The curriculum provides advanced experimental and methodological training in the study and control of matter at the nanoscale and in quantum systems. It combines solid theoretical foundations with extensive hands-on laboratory experience, preparing students to design, perform, and interpret experiments at the forefront of nanoscience and quantum technologies. The program bridges fundamental physics and emerging applications, equipping students with the skills required in both academic research and high-tech innovation environments.

A modern experimental approach to nanophysics

Four mandatory courses establish a solid grounding in quantum physics and solid-state physics, complemented by extensive laboratory work and experimental projects. Students are trained to design and run experiments, manage state-of the-art instrumentation, and extract essential physical information from raw experimental data. Emphasis is placed on developing critical experimental judgment, enabling students to discern fundamental physical laws and phenomena while addressing real-world measurement challenges.

The curriculum introduces modern experimental techniques in optics, spectroscopy, microscopy nanofabrication, and low-temperature measurements. Through direct experience with advanced instrumentation, students acquire a deep un-derstanding of structure–property relationships in nanostructured materials, low-dimensional systems, and quantum devices, as well as the ability to devise and characterize novel experimental platforms.

Two complementary specialization tracks

The broad range of subjects and the flexible rules for elective choices support two main specialization tracks, while allowing students to tailor an interdisciplinary experimental profile.

The Nanoscience and Nanodevices track focuses on the experimental physics of nanostructures and functional materials. Students investigate the growth, fabrication, and structural, optical, and spectroscopic characterization of nanosystems such as quantum dots, nanowires, thin films, and two-dimensional materials. Particular attention is devoted to charge, spin, and energy transport phenomena at the nanoscale, with applications ranging from nanoelectronics and photonics to materials for energy and sensing technologies.

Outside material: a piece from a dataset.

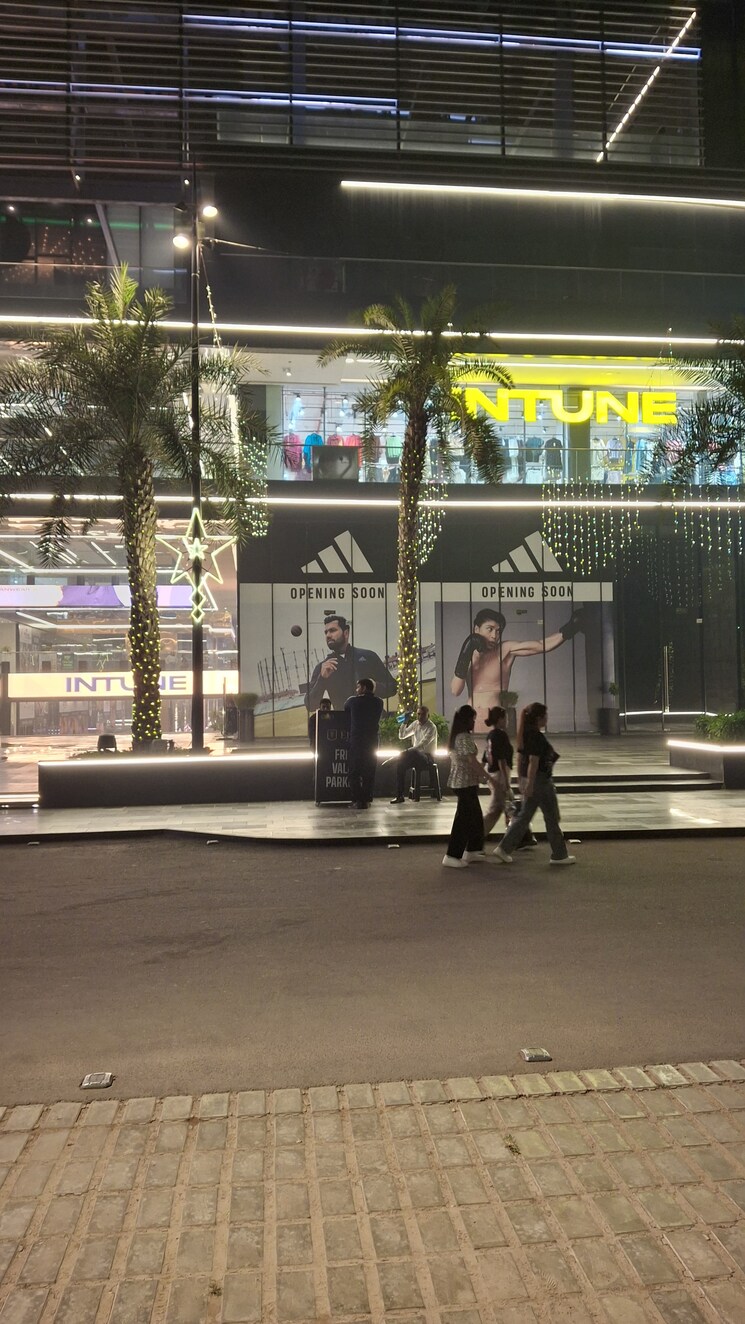 Gym, elan-epic Commercial Shop 500 Sq.Ft. In Sector 70 Gurgaon 9465328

The Quantum Technologies track addresses the rapidly evolving field of quantum devices and information- related tech-nologies. Students learn to control, manipulate, and detect quantum states in solid-state, photonic, and hybrid platforms. Courses cover experimental aspects of spin, charge, and superconducting qubits, quantum optics, quantum sensing, and measurement protocols. Data analysis and experiment-driven approaches to quantum control are integrated, providing a strong background for research and technology transfer in quantum science.

Opportunities and perspectives

The final thesis project is carried out in state-of-the-art experimental research laboratories, often in collaboration with national and international facilities such as large-scale synchrotron radiation research infrastructures.

Graduates are well prepared to pursue international doctoral programs in physics, nanoscience, and quantum engineering, as well as to enter the job market in research-driven and high-technology industrial sectors. Their strong experimental background, combined with expertise in advanced instrumentation and data analysis, enables them to operate effectively at the interface between fundamental research and technological innovation.